Viersen · An der Großen Bruchstraße malt Roberto Vega derzeit ein Bild auf eine Fassade. Der Künstler stammt aus dem mexikanischen Oaxaca. Schon jetzt ist das Mädchen an der Wand, traditionell in einen Poncho gekleidet, ein Hingucker

 In dieser Woche bringt der mexikanische Künstler Roberto Vega eine Wandmalerei auf die Fassade an der Großen Bruchstraße auf. Ein traditionell gekleidetes Mädchen, umgeben von einer Art Aura, hält eine Agavenpflanze.

In dieser Woche bringt der mexikanische Künstler Roberto Vega eine Wandmalerei auf die Fassade an der Großen Bruchstraße auf. Ein traditionell gekleidetes Mädchen, umgeben von einer Art Aura, hält eine Agavenpflanze.

Foto: Busch

Das übersieht man nicht, was da gerade auf der Mauer neben dem Restaurant "Mexican" von Joannis Panagou an der Großen Bruchstraße in Viersen entsteht. Seit Montag trägt der mexikanische Künstler Roberto Vega auf dem orange-leuchtenden Untergrund schichtweise seine Wandmalerei auf.

Bislang erkennt man die Darstellung eines still wirkenden Mädchens, gekleidet in einen traditionellen Poncho. Ein Halstuch schützt es vor Wind, Wetter, Schweiß, seine Hände sind geöffnet. Noch sind sie leer. Doch Roberto Vega verrät, wie es weitergeht: Die Hände des Mädchens werden mit einer Agavenpflanze gefüllt. Abstrakte hexagonale Formen sowie eine Art Aura werden das Kind umgeben. "Alte und neue Kultur treffen aufeinander", erklärt Vega.
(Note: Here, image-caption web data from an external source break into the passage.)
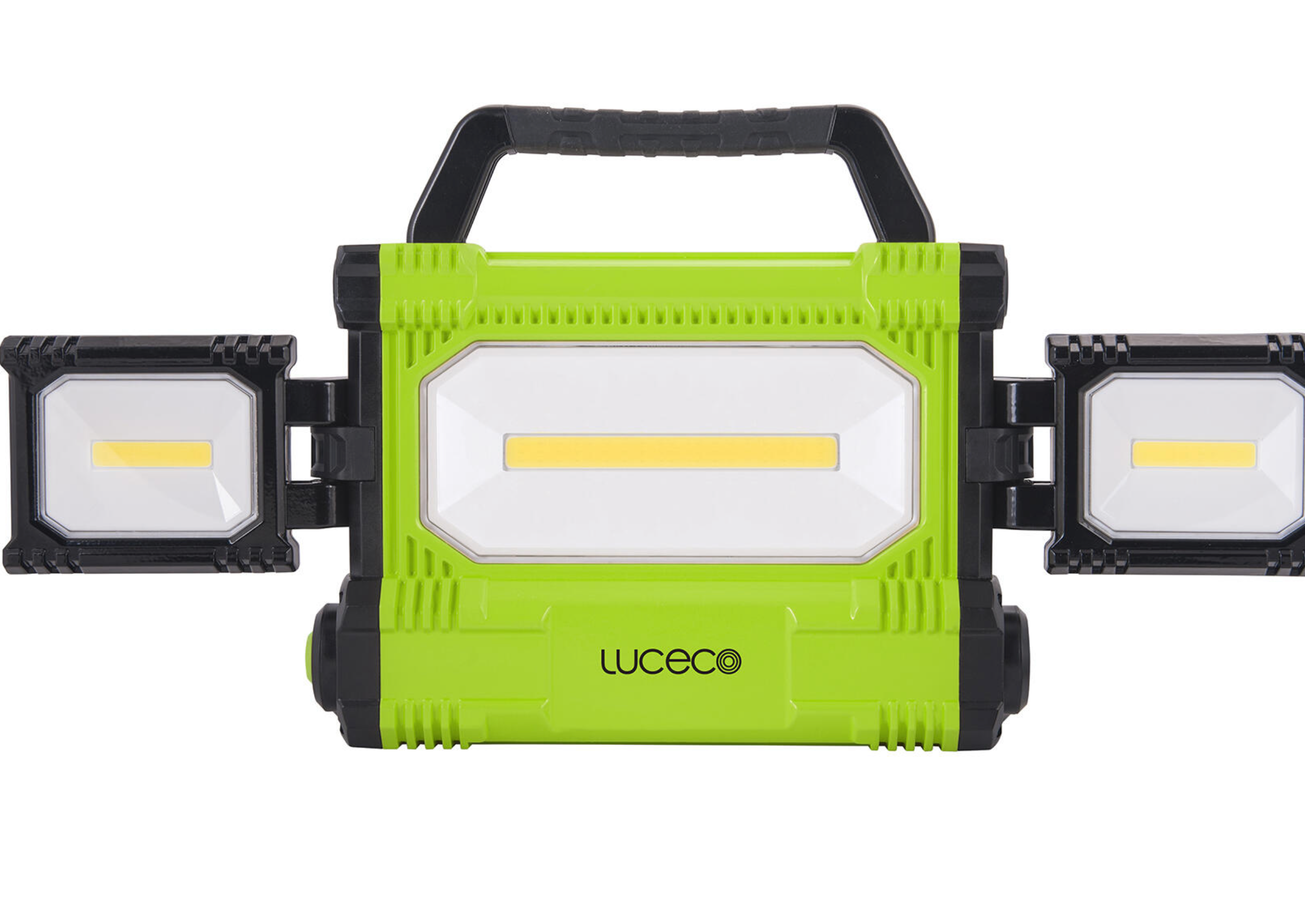 Portable LED projector 50W – 24 × 4.6 × 21.3 cm, IP54, 5000 lm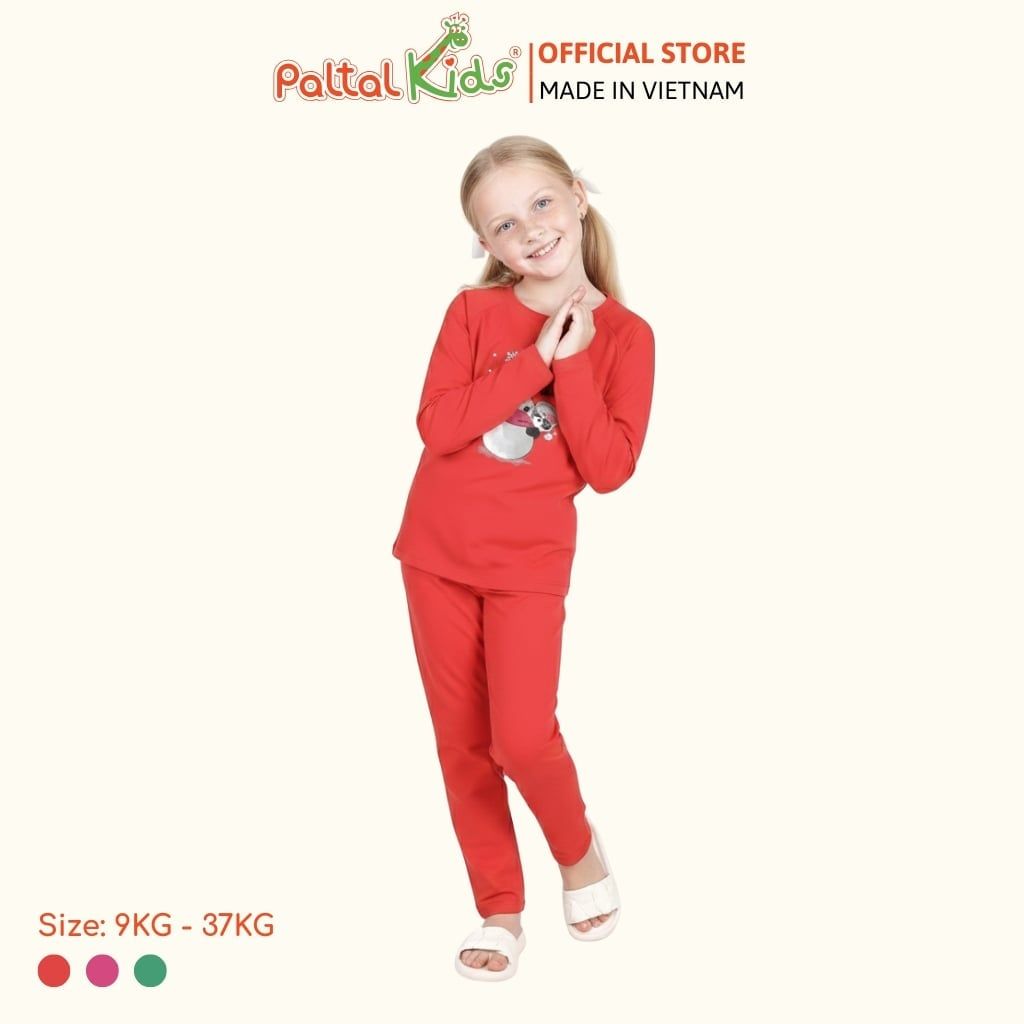 BST Mùa Đông - Đồ Bộ Tay Dài Cotton Mỹ Bé Gái Cao Cấp - 023 6037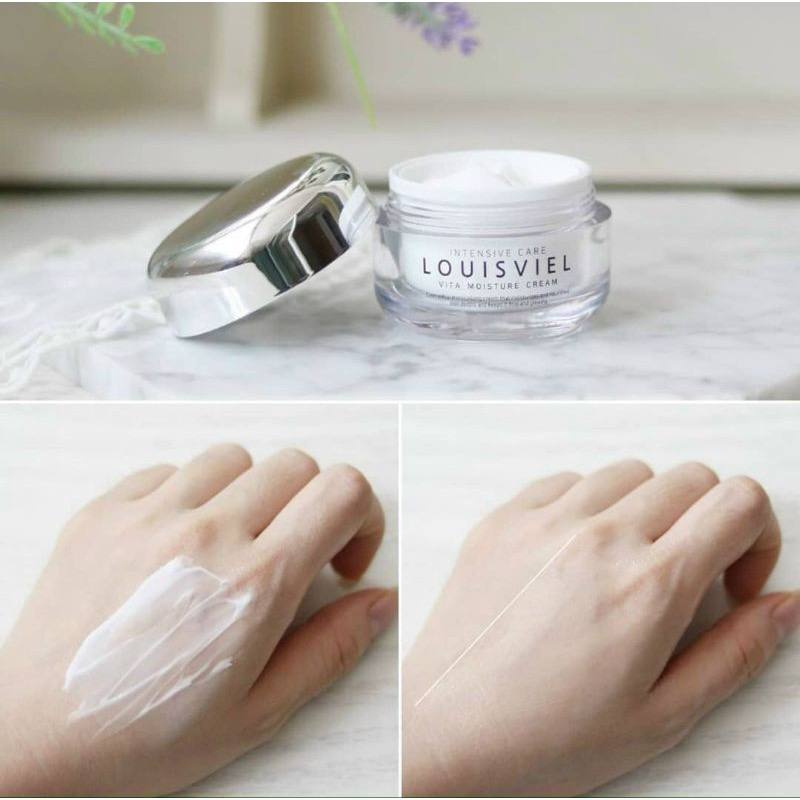 Kem Dưỡng Trắng Chống Lão Hóa Xóa Nhăn Mờ Thâm Nám Intensive Whitening Vita Moisture Cream LouisViel 50ml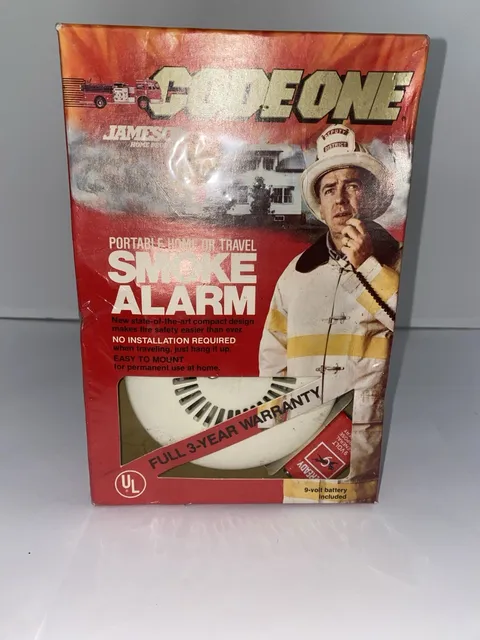 BRAND NEW SEALED: VINTAGE 1982 Jameson Home Products Code One Smoke Alarm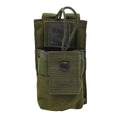Pochette pour radio GPS militaire britannique d'origine, sac molle en nylon, étui Olive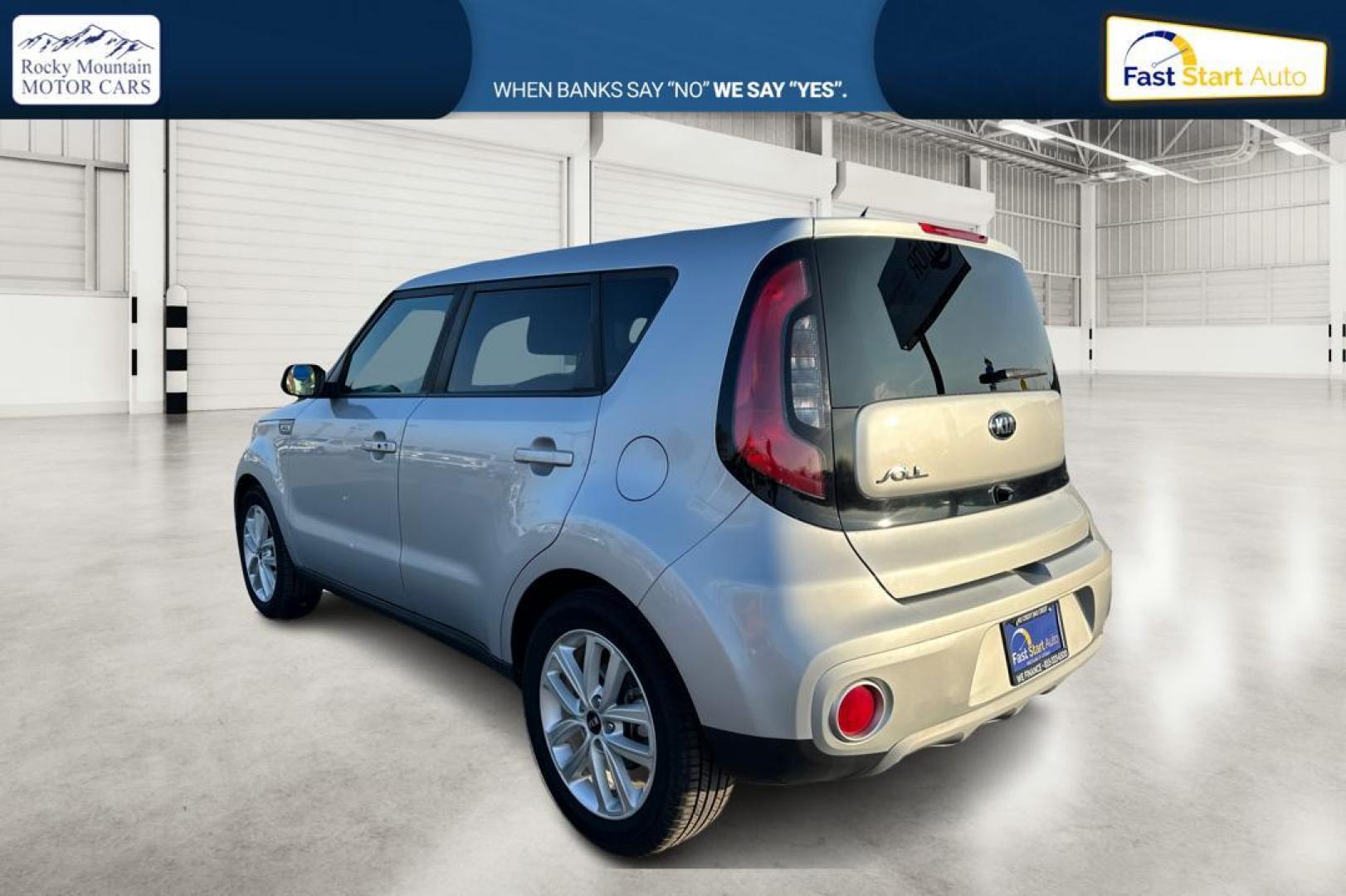 2019 Silver Kia Soul + (KNDJP3A51K7) with an 2.0L L4 DOHC 16V engine, 6A transmission, located at 7755 State Street, Midvale, UT, 84047, (801) 753-9063, 40.610329, -111.892159 - Photo#5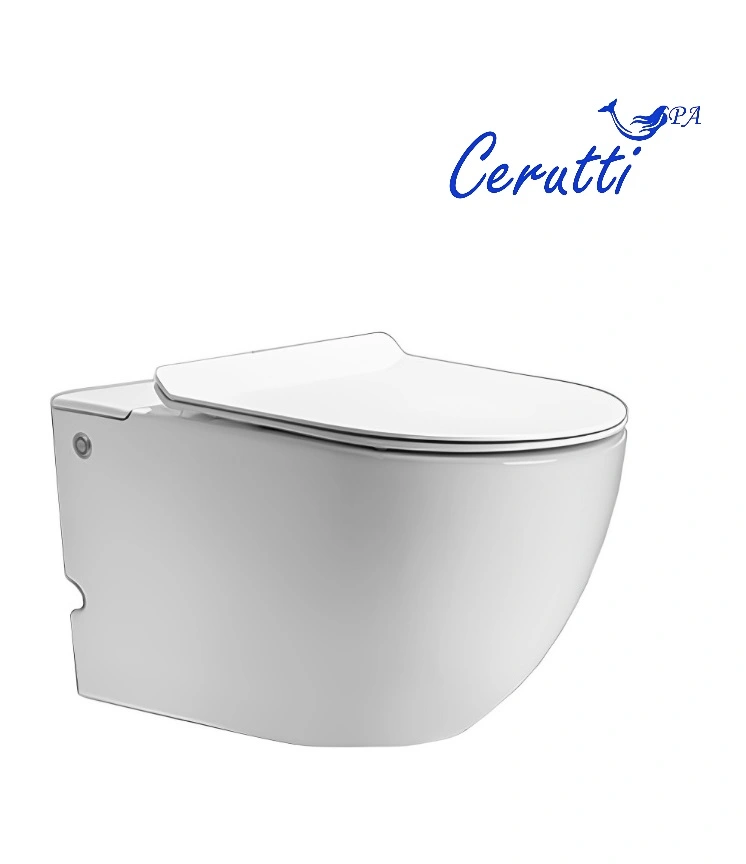 Унитаз Ceruttispa BARBARIA Aria Pulse CT10591 подвесной, импульсный, белый от магазина Vanna-Vanna.ru!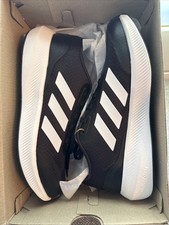 Youth Size 4.5 adidas HP5845 Runfalcon 3.0 Kids Black / White Sneakers Shoes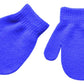 Biuxiaobai Baby Boys And Girls Solid Warm Knitted Mittens No Scratch Gloves, 1-4 Years, Royal Blue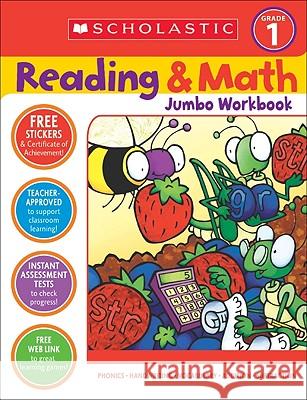 Reading & Math Jumbo Workbook: Grade 1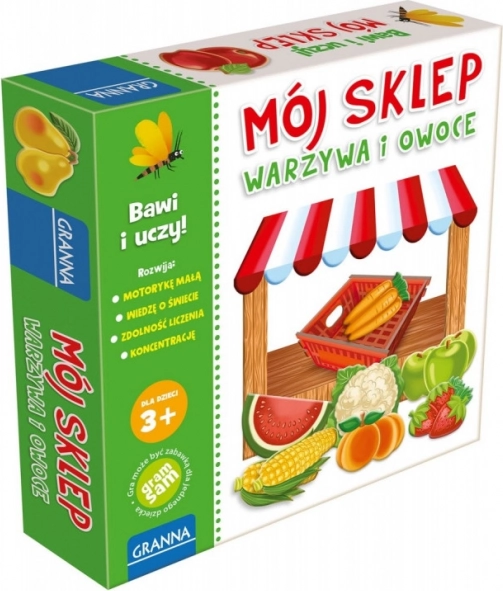 Minu pood: puu- ja köögiviljad – hariv mäng GRANNY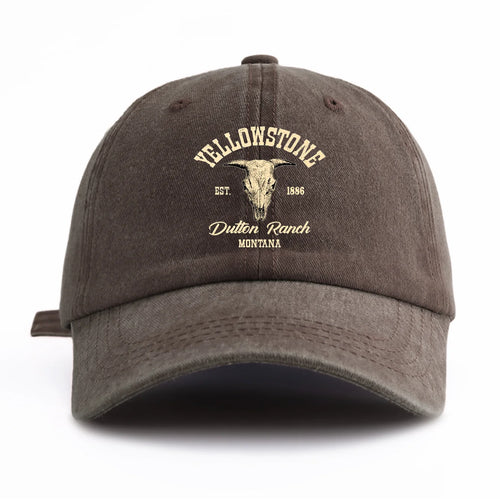 Yellowstone Washed Retro Dad Baseball Cap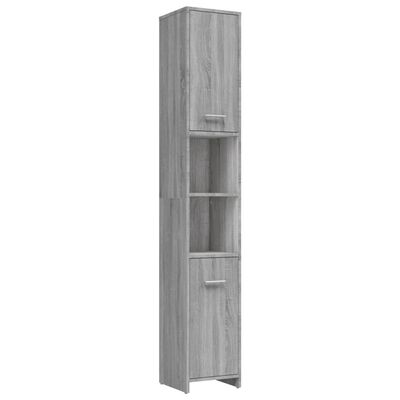 vidaXL Koupelnová skříňka šedá sonoma 30x30x183,5 cm kompozitní dřevo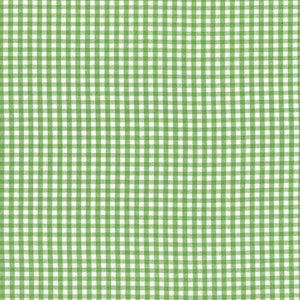 Carolina Gingham by Robert Kaufman - 1/8 Kelly Green - Sold by the yard
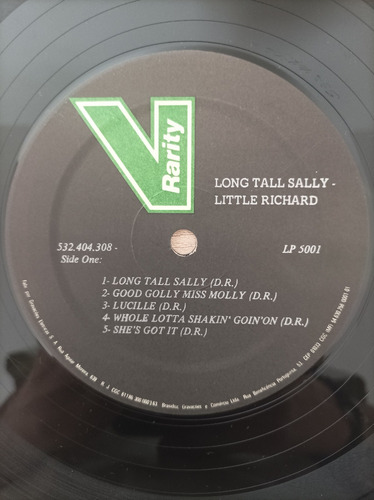 Lp Vinil Little Richard Long Tall Sally (Usado)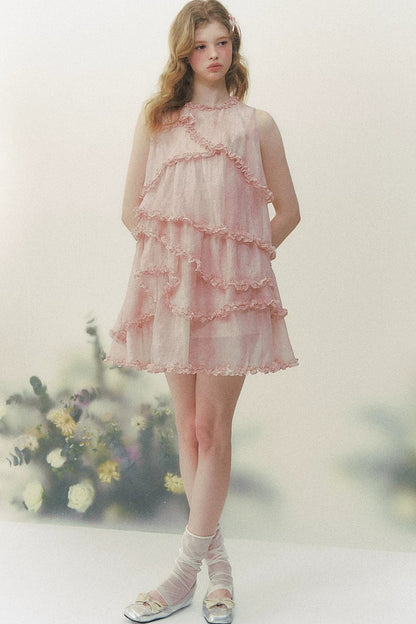 Pink Mist Garden Dress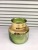 Nordic Light Luxury Small Mouth Gold-Painted Glass Vase Transparent Geometric Green Flower Arrangement Ornaments Living Room Decorations Wholesale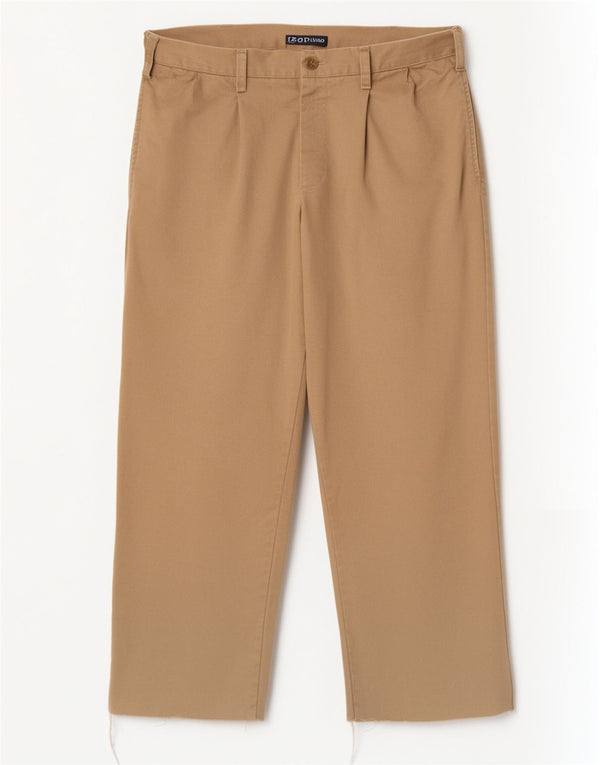 Брюки мужские укороченные Izod W32 L25 бежевые, хлопок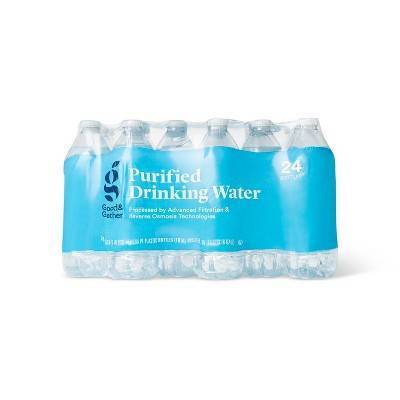 Good & Gather Purified Drinking Water - 24pk/16.9 fl oz Bottles - Good & Gathertm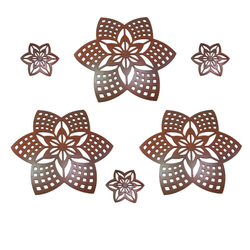 زیر بشقابی و زیر لیوانی گل اسلیمی مجموعه 6 عددی کد D158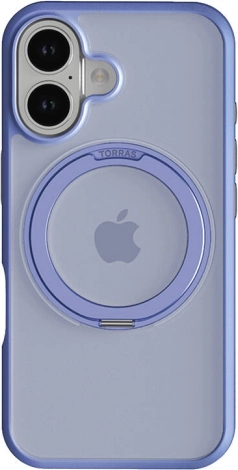 TORRAS Ostand Pro tok iPhone 16-hoz, kék, MagSafe-vel és forgatható gyűrűvel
Der Künstler, geboren 1982 in Oaxaca, wo er studierte, ist mittlerweile in Mexico mit seiner Gruppe "La Piztola" sehr bekannt. Zu ihr gehören neben Vega seine Frau Rosario Martinez und Yankel Balderes. Die drei kennen sich seit fast zehn Jahren. Gemeinsam gestalten sie zahlreiche Fassaden mit erzählerischen Motiven, die immer auch einen gesellschaftskritischen Hintergrund haben. Die Tradition der Fassadenmalerei in den südamerikanischen Staaten, "Muralismo" genannt, ist lang und etabliert. Die Kunstform fand ihren Anfang nach der Revolution in den 1920ern und gab den Künstlern ein Sprachrohr, sich gegen die Regierung und das System aufzulehnen. So konnten sie zahlreiche Gleichgesinnte erreichen. Während die Wandmalerei von Vega auf den ersten Blick "nur" ein Mädchen zu zeigen scheint, erschließt sich im Gespräch die tiefere Dimension: Die Entscheidung für die Darstellung eines Kindes bedeutet für den Künstler sowohl die Betonung der Zukunft der Jugend wie auch die Bedeutung politischen Widerstands für diese Generation. Die Aura um das Mädchen verweist auf die Göttin der Agavenpflanze, Mayahuel, und damit das Bestreben von Vega, "als Künstler alte Tradition wiederzuerwecken und die Identität des mexikanischen Volkes zu betonen". Die Agave ist ein wichtiger Pflanzenfaserlieferant. Außerdem werden Tequila und Mezcal aus Agavensaft hergestellt.

Die sechseckigen transparenten Formen im Hintergrund symbolisieren für Vega Zusammenhalt und Zusammenarbeit, eine stabile Struktur - wesentlich für eine Gesellschaft. Das Halstuch schließlich dient nicht nur dem Schutz vor Wind und Wetter, sondern ist im politischen Widerstand eine Möglichkeit, sein Gesicht zu verbergen.

Roberto Vega arbeitet mit Stencils, detailliert ausgearbeiteten Schablonen. Für jedes Motiv werden mehrere Schablonen benötigt, die übereinander angelegt werden und für die verschiedenen Farbschichten sorgen. Panagou ist begeistert: "Wir sind sehr stolz darauf, dass wir mitgeholfen haben, das Kunstwerk entstehen zu lassen." Freunde stellten den Kontakt zur Gruppe "La Piztola" her, und er engagierte Roberto Vega für seine Mauer. Über Crowdfunding sammelte er einen Teil des Geldes für die Kunstaktion: "Den Löwenanteil finanziere ich privat". Für Panagou ist das Kunstwerk auch ein Beitrag zur Aufwertung der interkulturell geprägten Südstadt - unabhängig von öffentlichen Geldern.